Could you write out, exactly, every line from the top of the data through the line holding "Photo of cheerful"? Omit the pictures.

--------

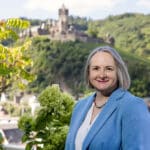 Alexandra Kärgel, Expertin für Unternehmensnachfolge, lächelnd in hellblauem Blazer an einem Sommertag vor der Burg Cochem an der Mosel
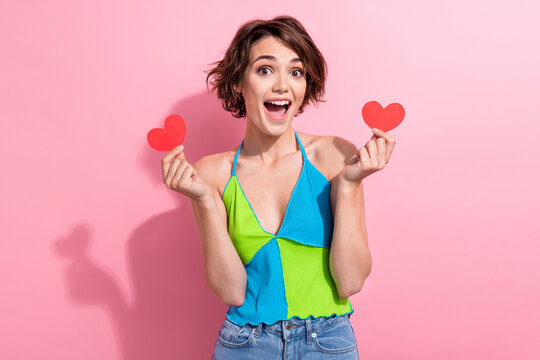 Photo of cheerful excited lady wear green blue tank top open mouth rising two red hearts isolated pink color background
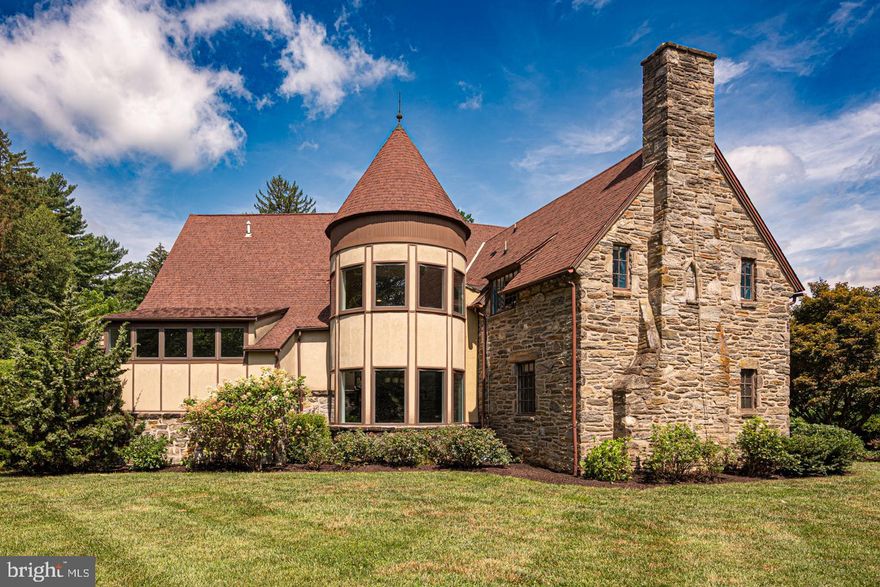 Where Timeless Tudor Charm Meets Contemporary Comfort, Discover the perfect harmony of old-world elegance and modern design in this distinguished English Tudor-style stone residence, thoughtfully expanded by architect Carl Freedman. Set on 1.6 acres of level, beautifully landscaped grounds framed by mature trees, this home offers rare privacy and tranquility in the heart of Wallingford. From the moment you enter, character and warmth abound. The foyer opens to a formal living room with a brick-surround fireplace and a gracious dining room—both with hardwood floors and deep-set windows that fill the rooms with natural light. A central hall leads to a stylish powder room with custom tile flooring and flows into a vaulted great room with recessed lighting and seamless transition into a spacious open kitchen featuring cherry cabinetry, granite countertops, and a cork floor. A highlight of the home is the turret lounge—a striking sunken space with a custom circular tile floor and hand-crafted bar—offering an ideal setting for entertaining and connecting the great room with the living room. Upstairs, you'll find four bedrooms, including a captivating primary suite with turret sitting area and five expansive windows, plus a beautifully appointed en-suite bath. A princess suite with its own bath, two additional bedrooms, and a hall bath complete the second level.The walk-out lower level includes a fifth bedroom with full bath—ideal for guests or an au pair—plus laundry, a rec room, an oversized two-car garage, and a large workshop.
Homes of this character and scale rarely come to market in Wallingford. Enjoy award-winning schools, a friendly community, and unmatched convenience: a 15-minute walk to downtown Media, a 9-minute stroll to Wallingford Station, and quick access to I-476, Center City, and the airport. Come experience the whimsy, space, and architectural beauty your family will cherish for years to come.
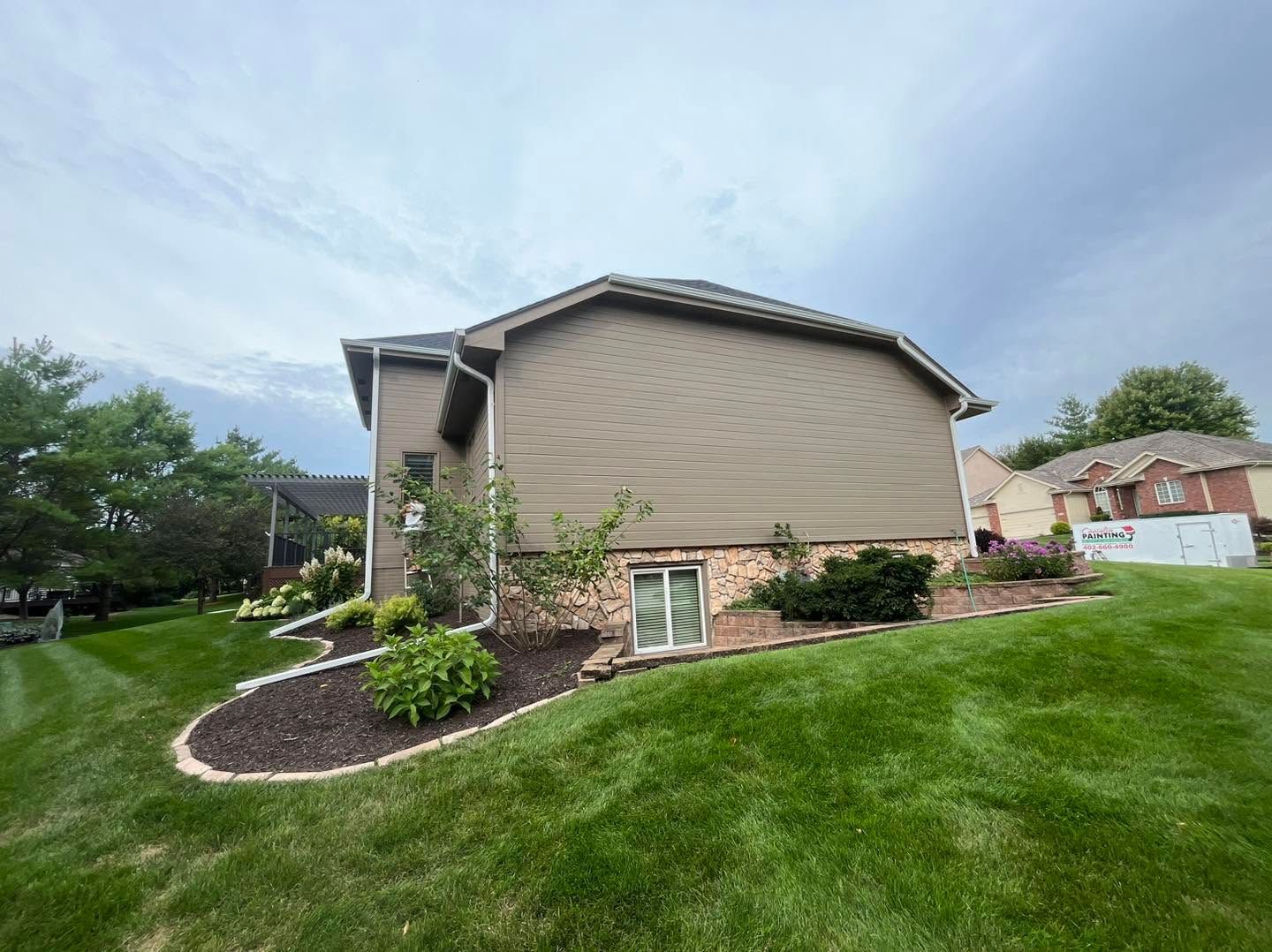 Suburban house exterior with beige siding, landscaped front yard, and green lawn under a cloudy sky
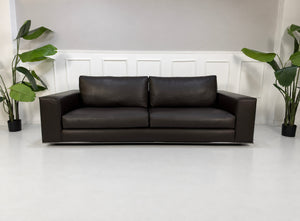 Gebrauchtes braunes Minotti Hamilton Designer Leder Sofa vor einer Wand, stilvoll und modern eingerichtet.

--------

Response area >>
 Alexandra Kärgel, Expertin für Unternehmensnachfolge, lächelnd in hellblauem Blazer an einem Sommertag vor der Burg Cochem an der Mosel
 Photo of cheerful excited lady wear green blue tank top open mouth rising two red hearts isolated pink color background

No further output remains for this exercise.